Divers, historians, archaeologist present findings from Mars Bluff site
Dianne P. Owens/STAR & ENTERPRISE
Chris Amer, the state’s underwater archaeologist, speaks about the CSS Pee Dee and the Mars Bluff Navy site during a presentation in Marion.
Archaeologist Chris Amer, diver Bob Butler and historian Ted Gragg fielded questions from the audience about the history associated with the Mars Bluff Naval Yard on the Marion County side of the Great Pee Dee River.
A group of a few more than 50 area residents gathered in Marion’s Opera House on June 16 to hear from the state’s underwater archeologist and the divers.
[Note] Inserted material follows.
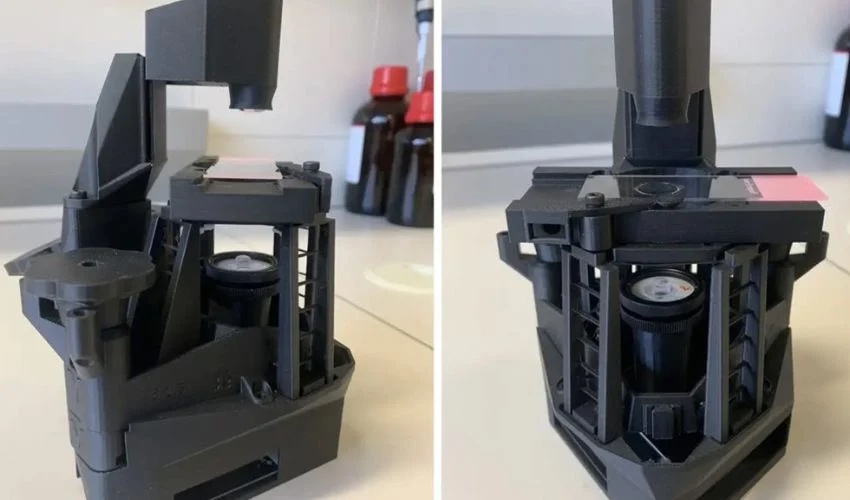 3D printed microscope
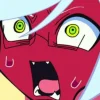 😱 Эмодзи «Kneesocks Daemon» для Telegram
Archaeologists and divers from the University of South Carolina and Eastern Carolina University (Greenville, N.C.) concluded their research at the site on June 18. Butler and Gragg were instrumental in locating two of three cannons from the gunboat C.S.S. Pee Dee and other artifacts from the Civil War era.
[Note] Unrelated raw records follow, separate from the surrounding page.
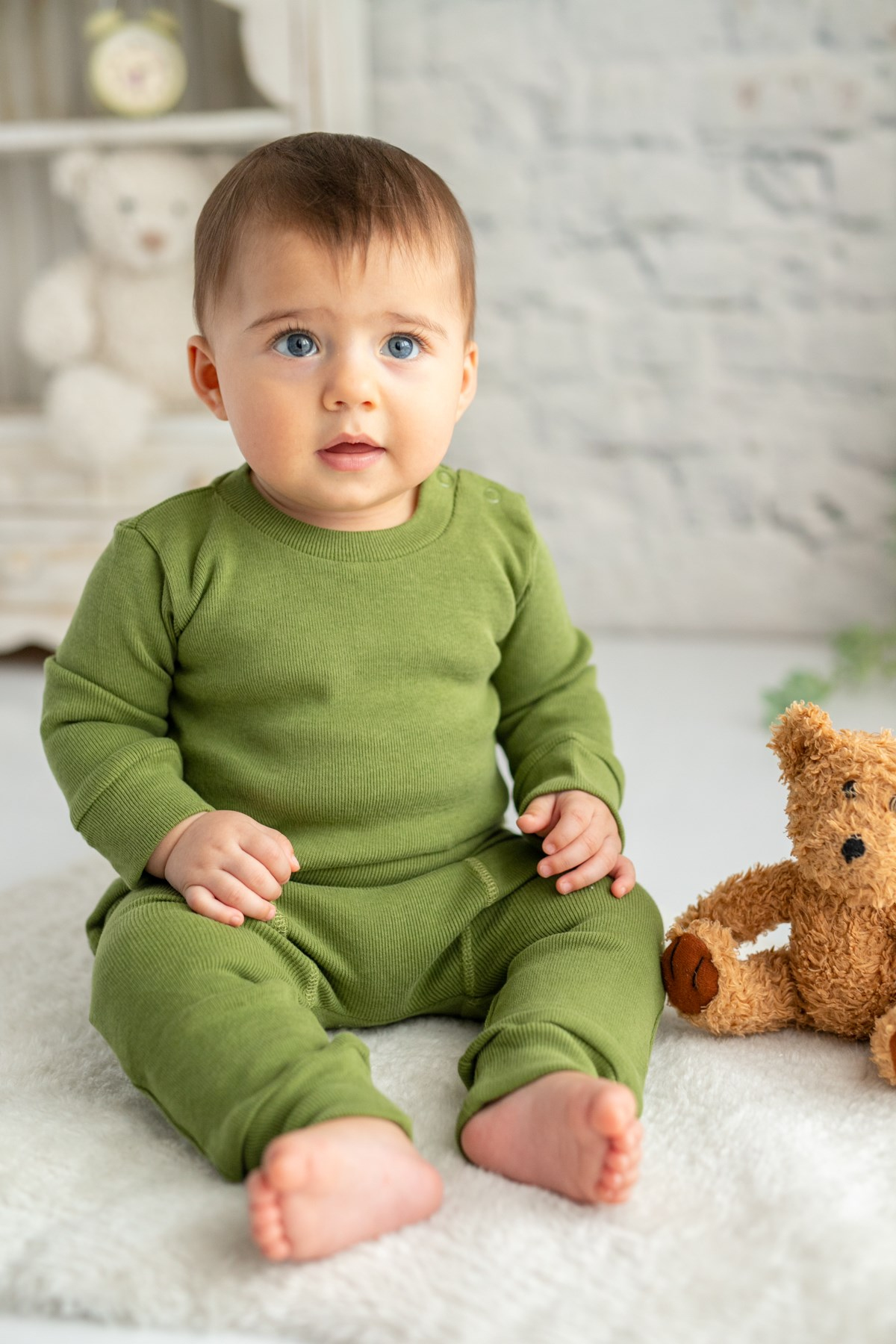 Gots Sertifikalı %100 Organik Pamuk Sweatshirt ve Pantolon Takım (0-4yaş)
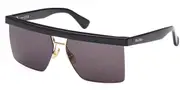 Max Mara MM0072 FLAT1 01A Women’s Sunglasses Black Size 60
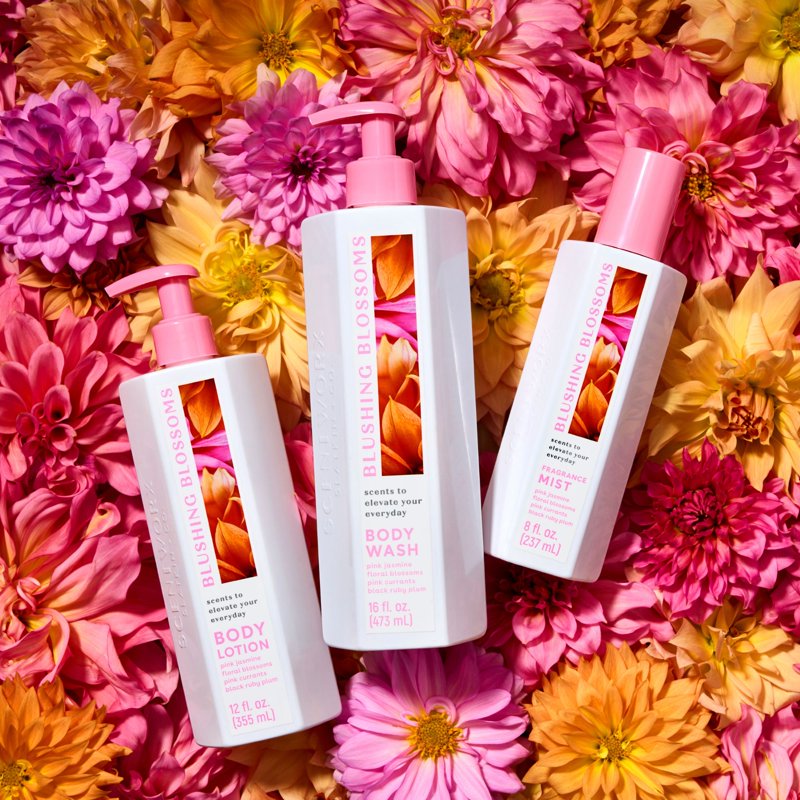 Blushing Blossoms Body Wash - 16 oz with Essential Oils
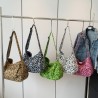 Mujeres Grande Tela Leopardo Ropa De Calle Cuadrado Cremallera Bolso Bandolera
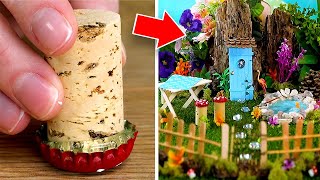 4 Whimsical DIY Miniature Fairy Garden Ideas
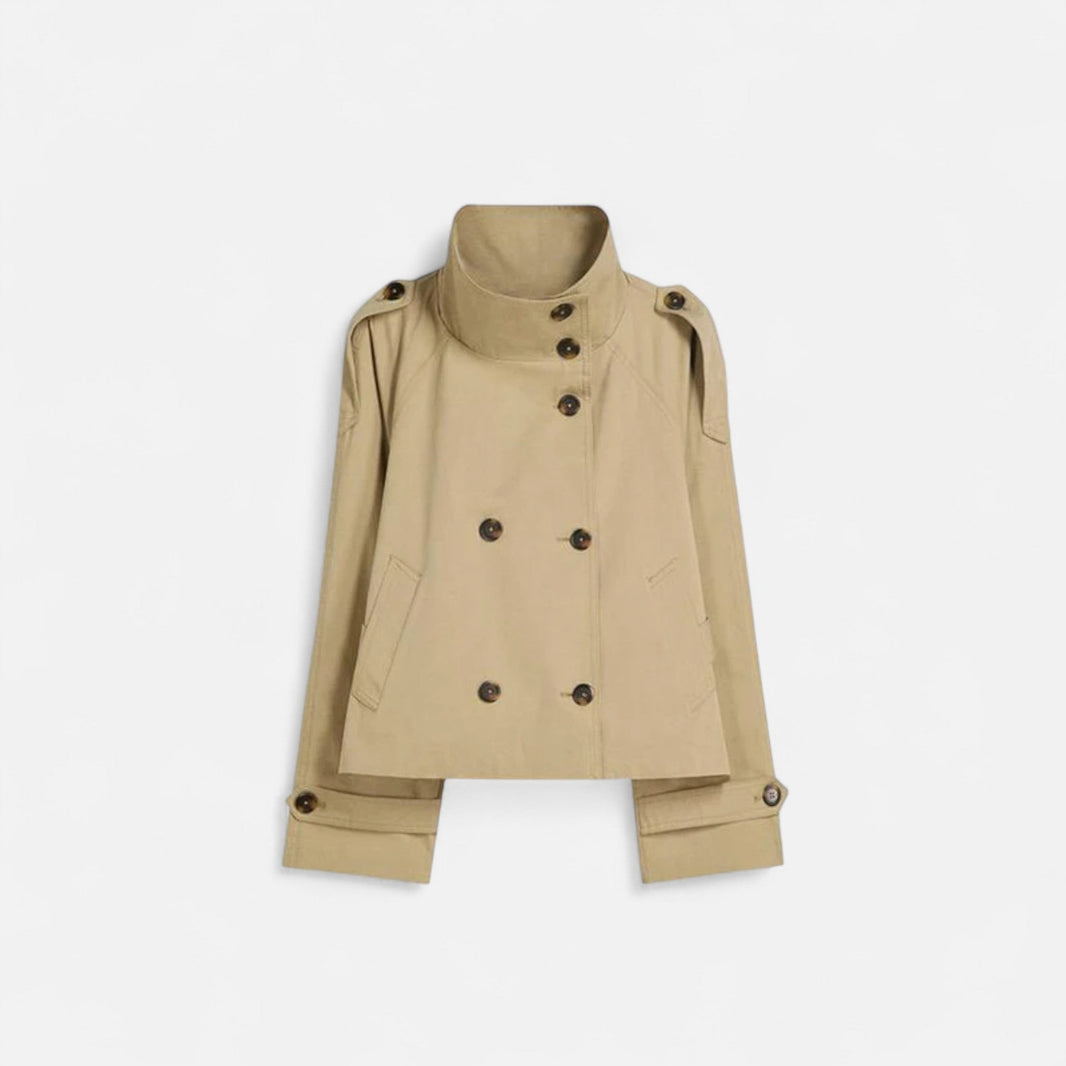 Women's Short Belted Trench Coat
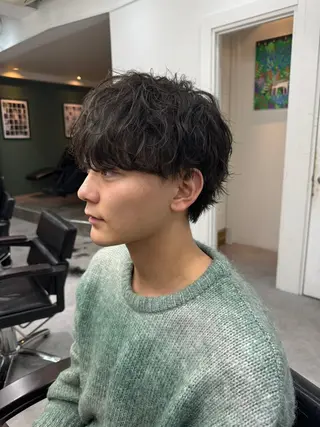 パーマ メンズ シャドウパーマ/ 波巻パーマYu-Kiのヘアスタイル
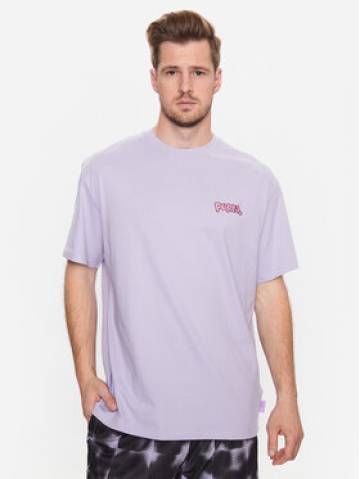 Puma Футболка 8ENJAMIN 539821 Фіолетовий Relaxed Fit Puma Футболка 8ENJAMIN 539821 Фіолетовий Relaxed Fit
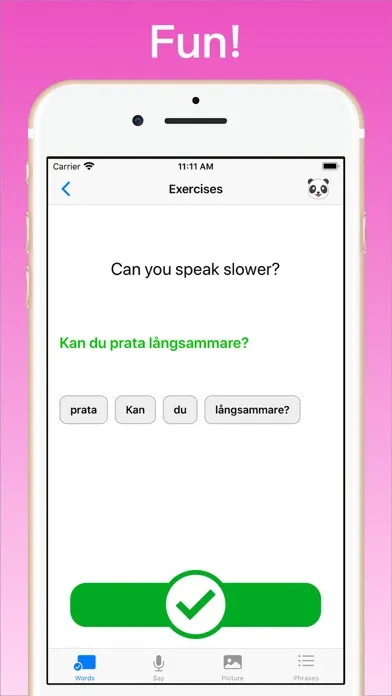Learn Swedish + سکرین شاٹس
Amer and Jonathan Leader, the state archaeologist, will return in October to locate the final Brooke rifled cannon, a USC press release said and to continue the land search for evidence of the navy yard. Raising of the cannons has been pushed back to early spring 2010.
The project of the S.C. Institute for Archaeology and Anthropology (SCIAA) at the University of South Carolina is funded in part by a $200,000 grant from the Drs. Bruce and Lee Foundation in Florence.

Chris Amer is joined by Bob Butler, center, and Ted Graff, right, as they field questions about the collection of memorabilia from the dives made on the Great Pee Dee River near the site of the Confederate era Mars Bluff Navy Yard.
Below, in this photo of a slide in Chris Amer’s presentation, is the design of a flat bottom vessel similar to the CSS Pee Dee gun boat built in 1864-85 at the Marion County site and Rear Admiral John A. Dahlgren standing by a Dahlgren gun on deck of U.S.S. Pawnee in Charleston, between 1860 and 1865. Dahlgren designed the smooth bore gun.